Dataset entries:
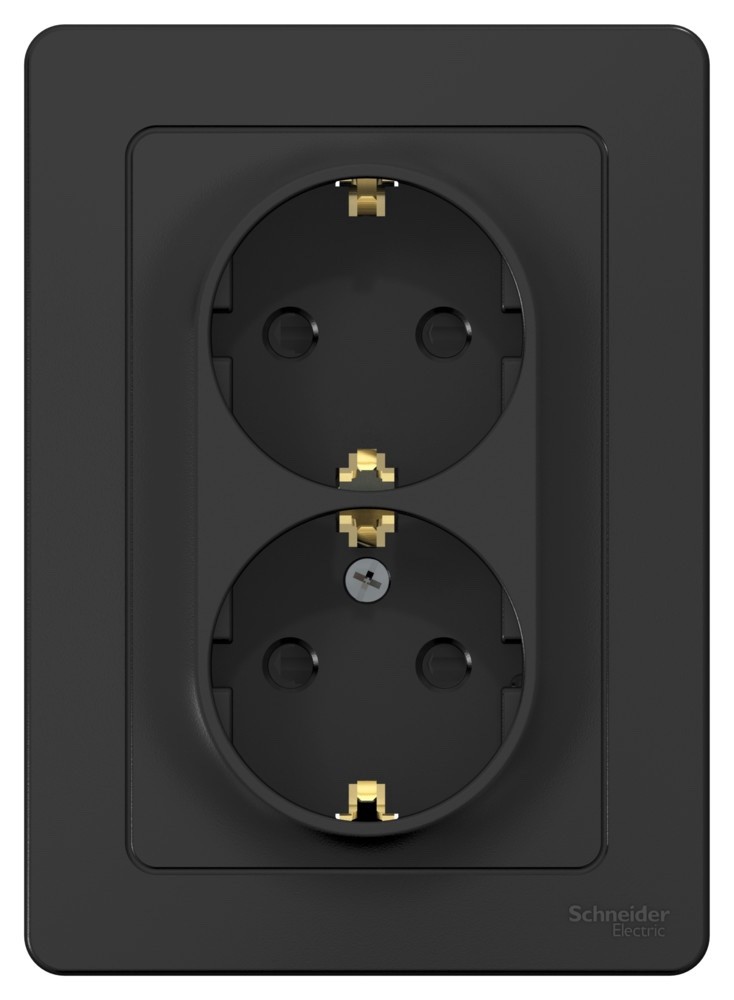 BLANCA С/У РОЗЕТКА двойная с заземлением со шторками, 16А, 250В, АНТРАЦИТ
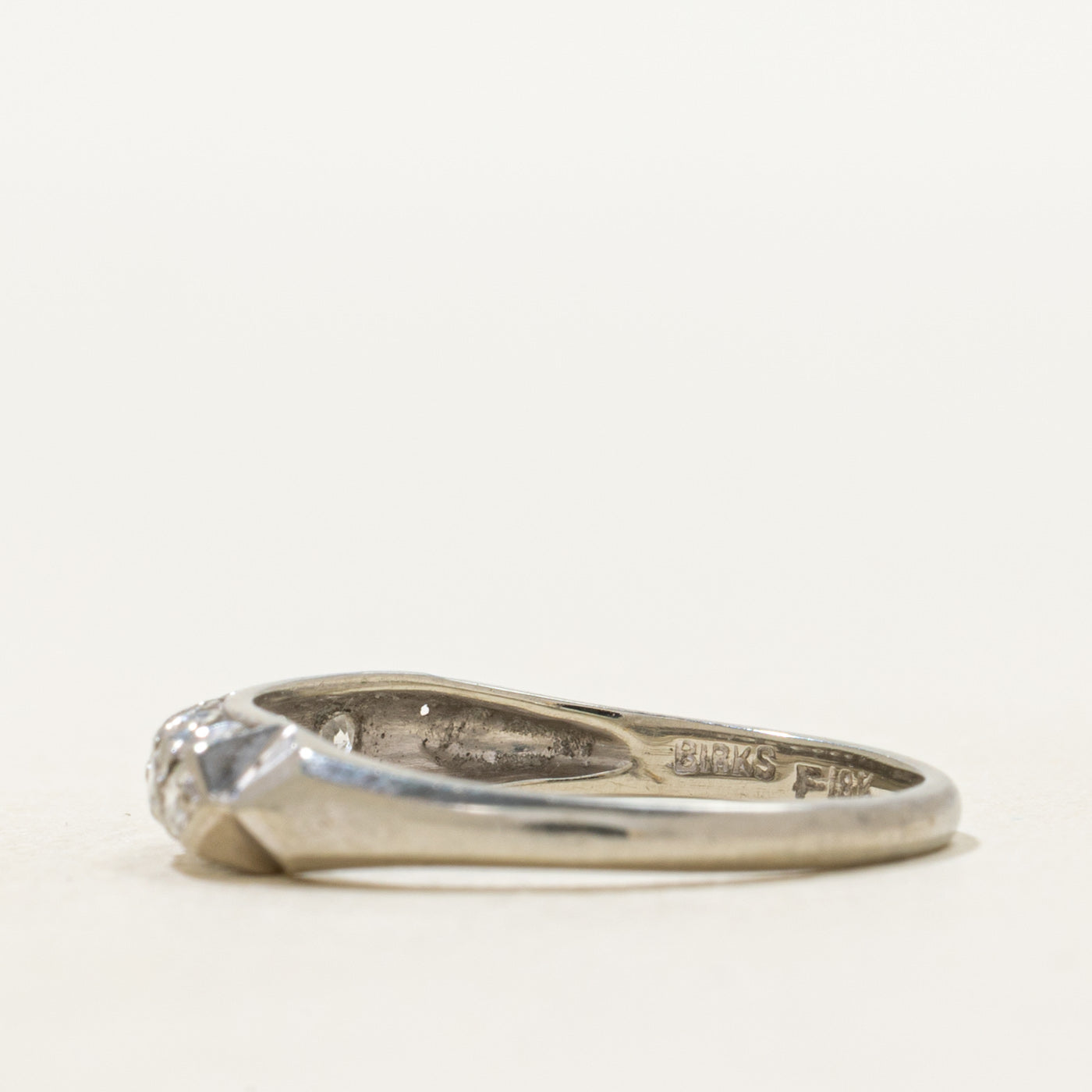 'Birks' 18k Semi Eternity Diamond Band | SZ 6.75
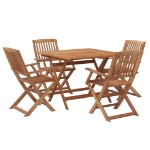 Set da Pranzo per Giardino 5 pz in Legno Massello di Acacia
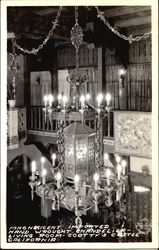 Magnificent Imported Hand Wrought Chandelier, Living Room, Scotty's Castle Postcard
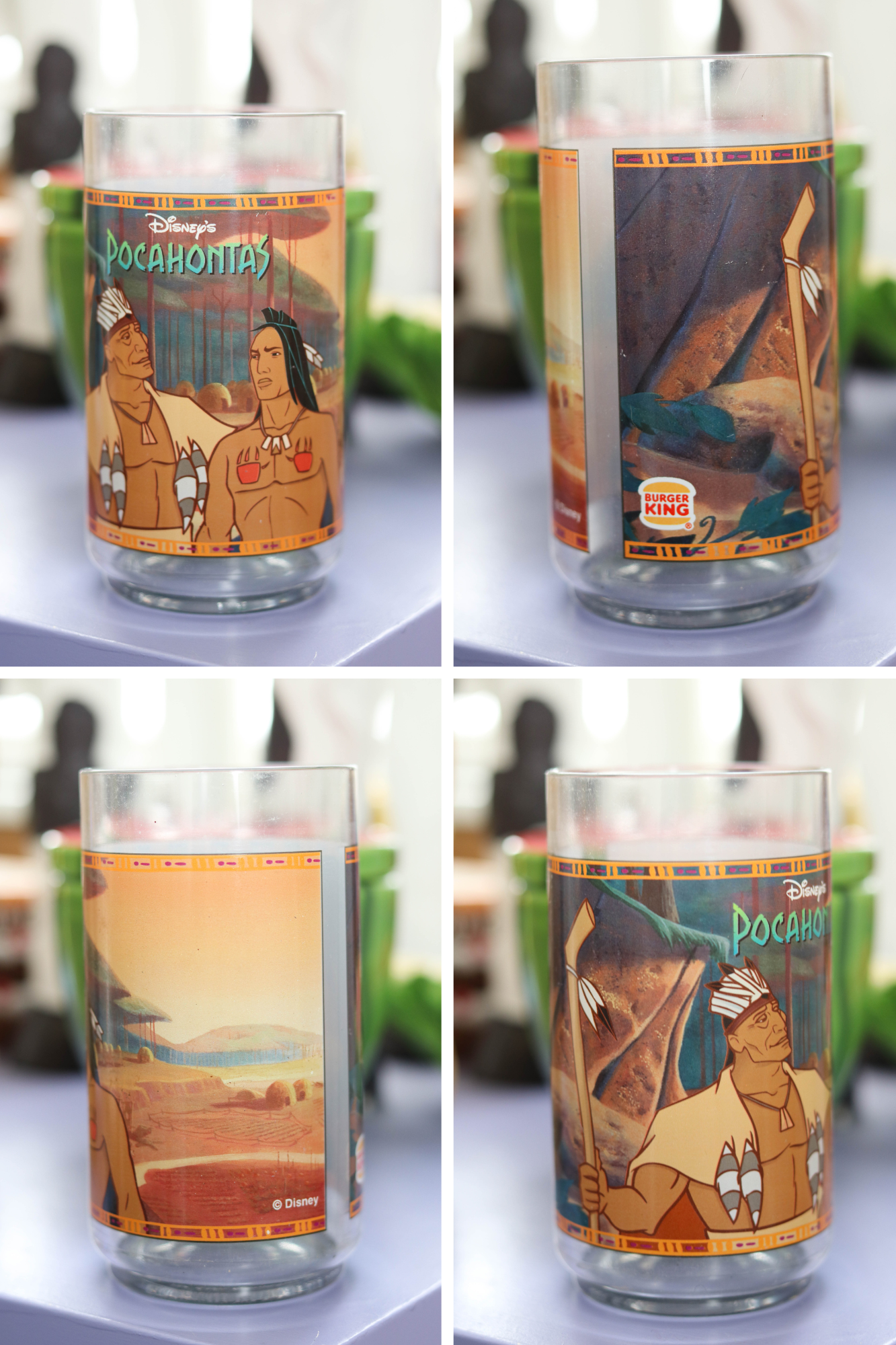 Vintage 90s Pocahontas Burger King 3pc Cup Set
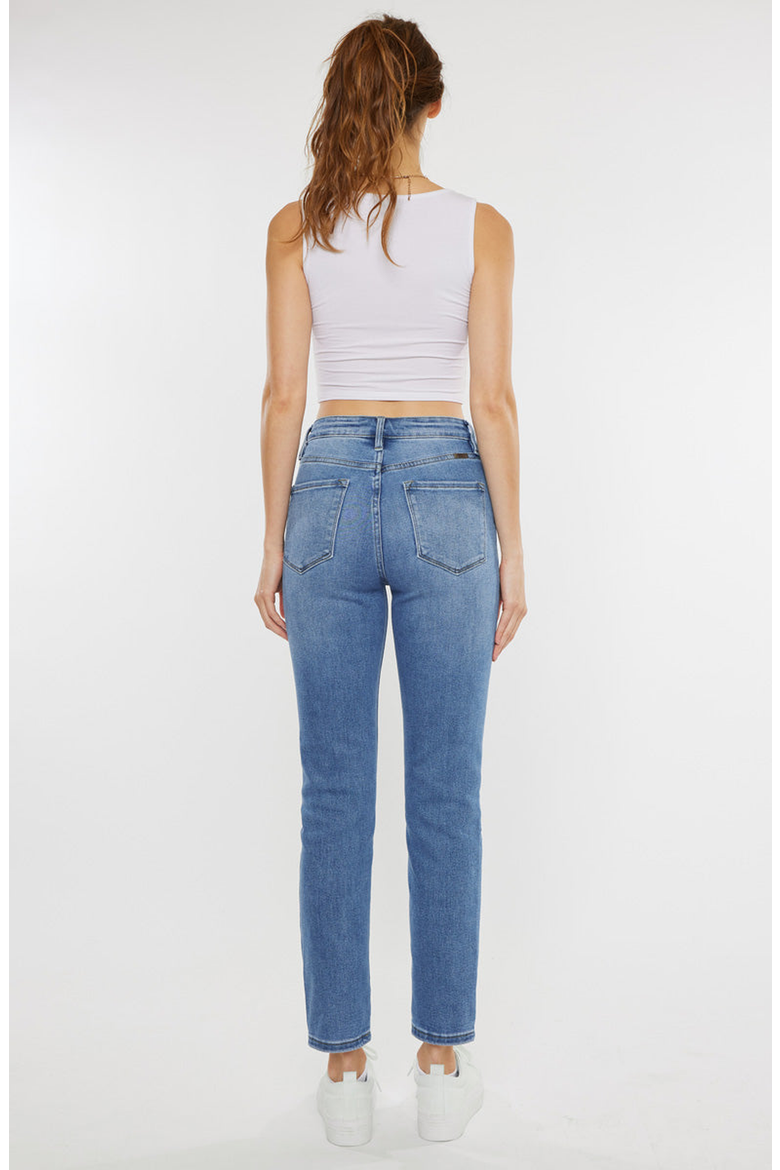 Adaline Essentials High Rise Slim Straight Jeans, Alternate, color, Medium-Light Wash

__PROBLEM TO WORK ON__
Beginning with the line where "Vintage 90s Pocahontas" appears, transcribe the records above word for word through their last line, and include no pictures.

__RESPONSE__
 Vintage 90s Pocahontas Burger King 3pc Cup Set
 Adaline Essentials High Rise Slim Straight Jeans, Alternate, color, Medium-Light Wash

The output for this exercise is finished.